My list was compiled from a variety of sources. A few of the invitations went out to those who had participated in my first book, The Savvy Designer's Guide to Success. Others invited were designers with whom I had connected through online design forums and at industry conferences. I was familiar with the identity work of other firms through reading magazine articles or design blogs. I was introduced to the work of a number of firms through Jocelyn Luciano, the Executive Director of the Summit Creative Awards - for which I have been a judge three times. Alina Hagen's Graphic Makeovers column at Creative Latitude made me aware of the work of some individuals.

After the invitations went out, some recipients responded immediately with regrets of being unable to participate due to prior commitments or current workloads. About half contacted me with intentions to submit case studies for consideration. There were a few I never heard from at all.

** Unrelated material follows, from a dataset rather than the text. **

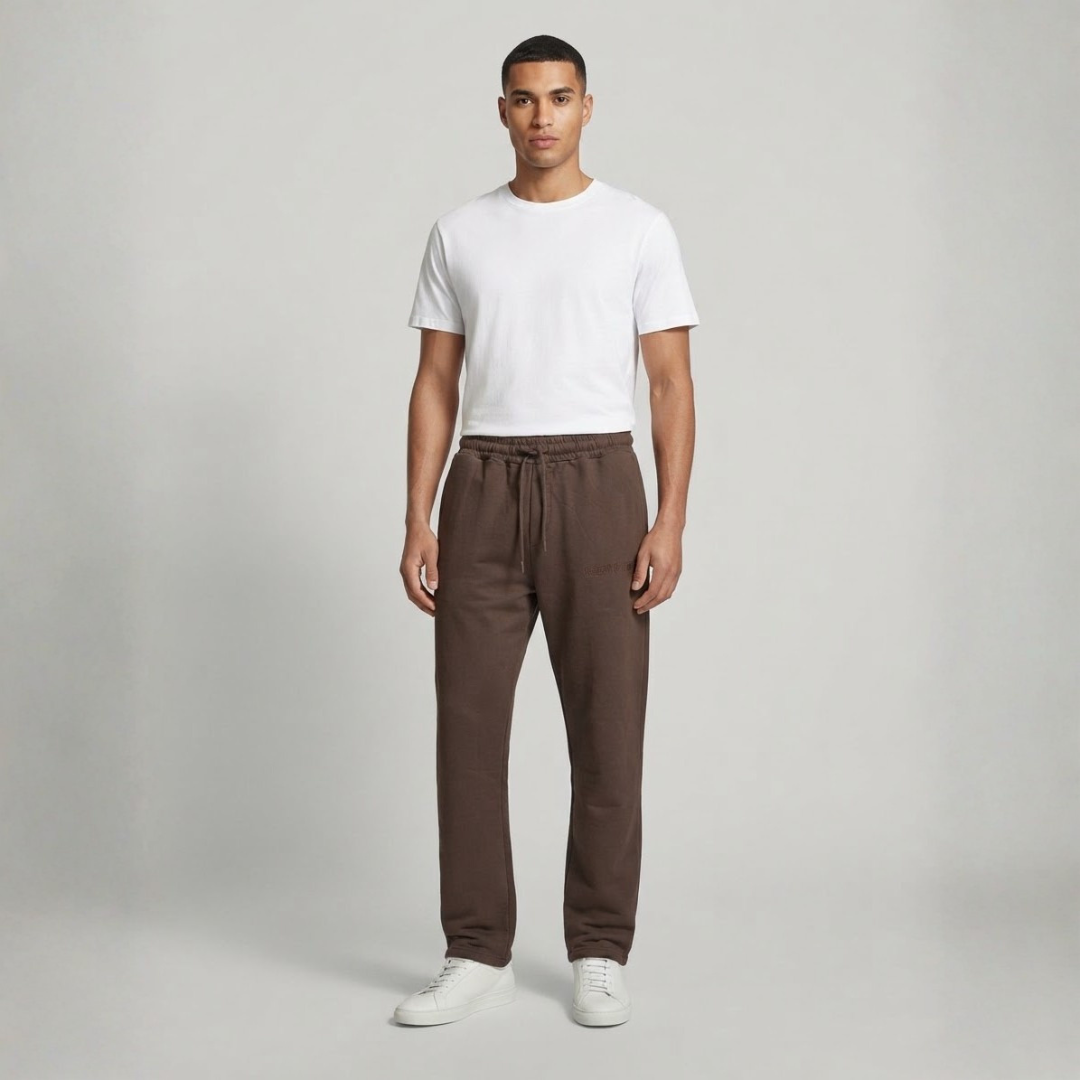 Brown Pants with a Matching Drawstring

As the submissions began to arrive, I found that my original goals and desires for the book were being met. Work was submitted by large international firms and one-person home based studios. Clients represented included retail operations, educational facilities, service industries, products, nonprofit organizations, restaurants, government agencies and more. Projects to be considered included simple identity redesigns, website makeovers only, and full-blown rebranding efforts. My only disappointment was that, in the end, there were only submissions from six countries.

In the middle of the book process the decision was made to limited the case study number to 50 and give some of the projects greater exposure. The change actually allowed for some redesigns to be explained in much greater detail - while not eliminating a few smaller projects with which many designers, and other book readers, might be able to relate.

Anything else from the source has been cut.